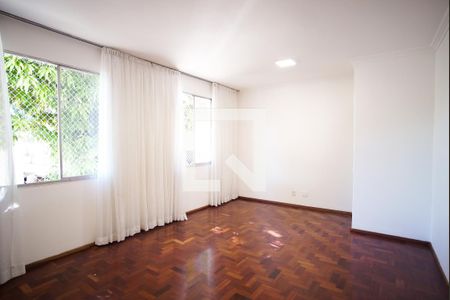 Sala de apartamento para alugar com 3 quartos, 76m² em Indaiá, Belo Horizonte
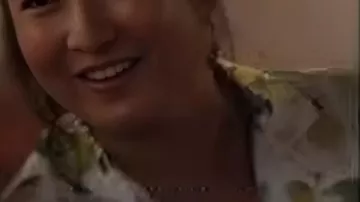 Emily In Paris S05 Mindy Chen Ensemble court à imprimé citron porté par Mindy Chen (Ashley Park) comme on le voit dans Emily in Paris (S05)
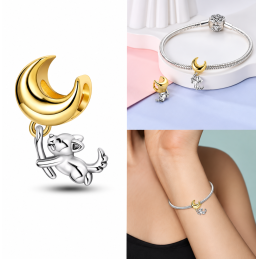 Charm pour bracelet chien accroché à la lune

━━━━━━━━━━━━━━━━

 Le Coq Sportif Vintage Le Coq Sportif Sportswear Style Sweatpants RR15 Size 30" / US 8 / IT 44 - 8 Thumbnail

━━━━━━━━━━━━━━━━

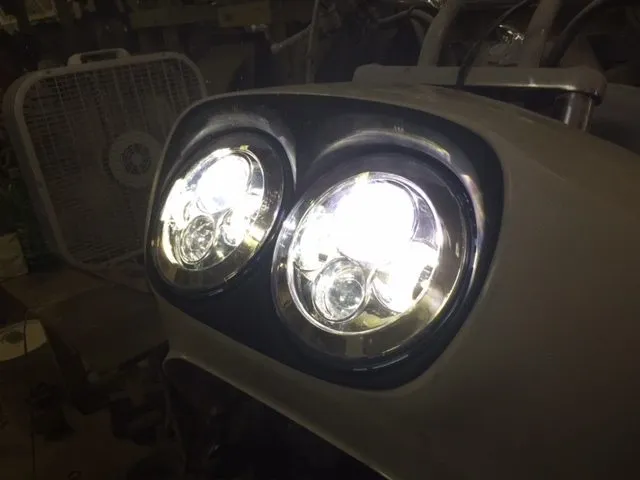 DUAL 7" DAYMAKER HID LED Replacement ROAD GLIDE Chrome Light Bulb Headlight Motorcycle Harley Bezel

━━━━━━━━━━━━━━━━

* [DESCRIPTION OF THE TASK]: Copy word for word only the lines above from the one with "Emily In Paris S05" through the one with "Charm pour bracelet chien accroché à la lune". Leave pictures out.

* [PROBLEM SOLUTION]:
 Emily In Paris S05 Mindy Chen Ensemble court à imprimé citron porté par Mindy Chen (Ashley Park) comme on le voit dans Emily in Paris (S05)
 Charm pour bracelet chien accroché à la lune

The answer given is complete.